**EXERCISE:** Restate each record below word for word, skipping images.

**Captioned web images:**
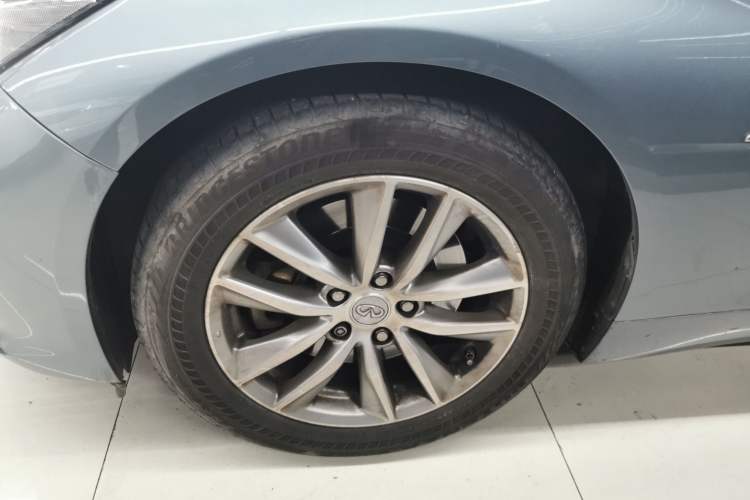 Used Infiniti Q50 2014 2.0T Luxury Edition Left Front Wheel Hub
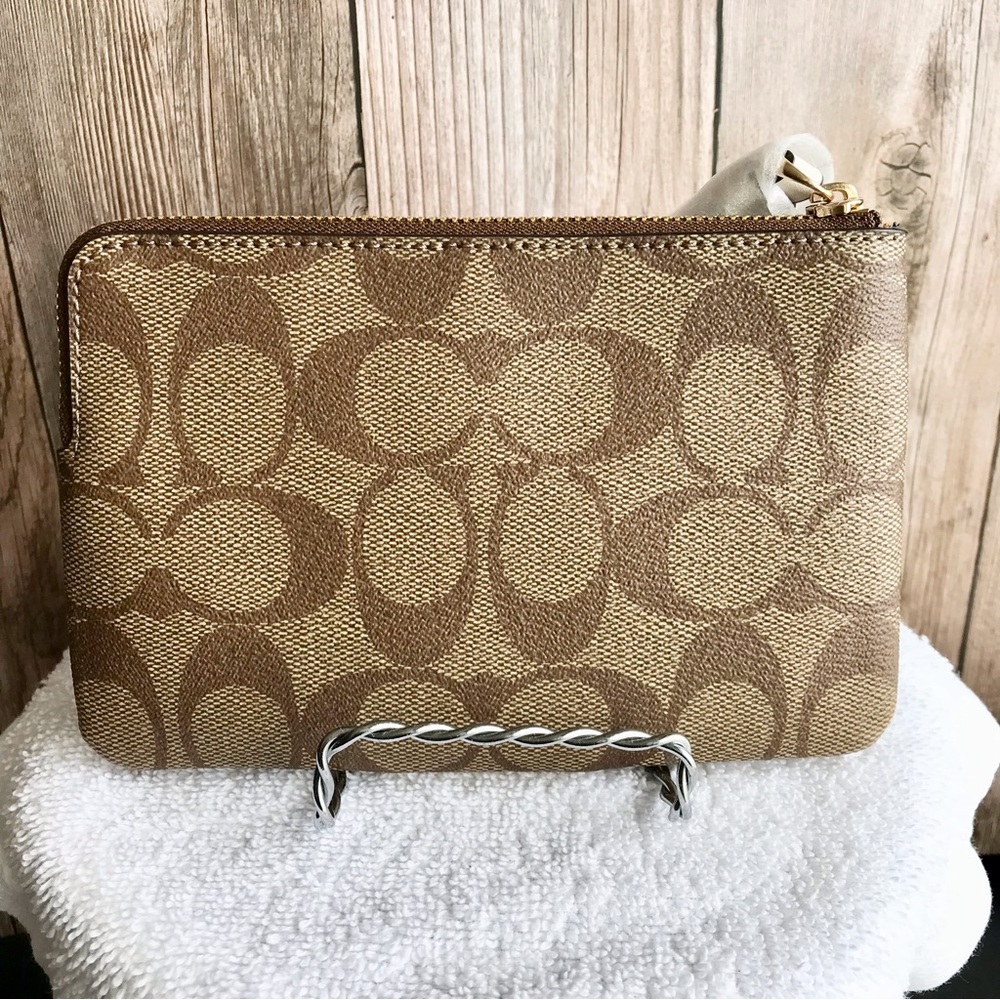 🆕 Coach Corner Zip Wristlet - Picture 4 of 7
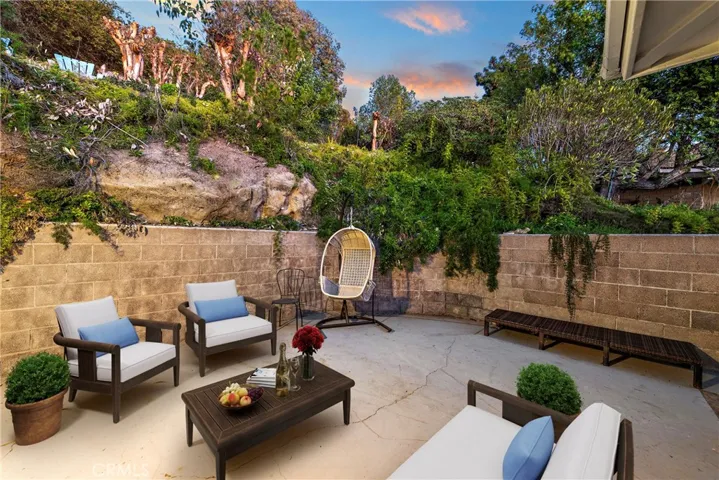 22271 3rd Avenue, Laguna Beach, California 92651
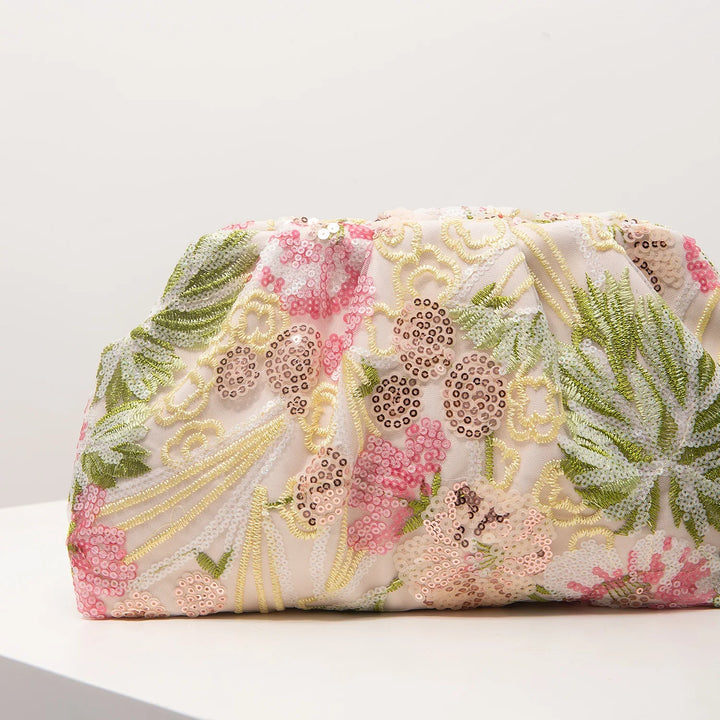 Pochette florale à sequins pour femme, un sac de soirée raffiné pour l'élégance.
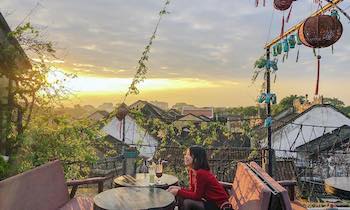 5 sky coffee shops for a panoramic view of the old town of Hoi An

**WRITTEN ANSWER:**
 Used Infiniti Q50 2014 2.0T Luxury Edition Left Front Wheel Hub
 🆕 Coach Corner Zip Wristlet - Picture 4 of 7
 22271 3rd Avenue, Laguna Beach, California 92651
 Pochette florale à sequins pour femme, un sac de soirée raffiné pour l'élégance.
 5 sky coffee shops for a panoramic view of the old town of Hoi An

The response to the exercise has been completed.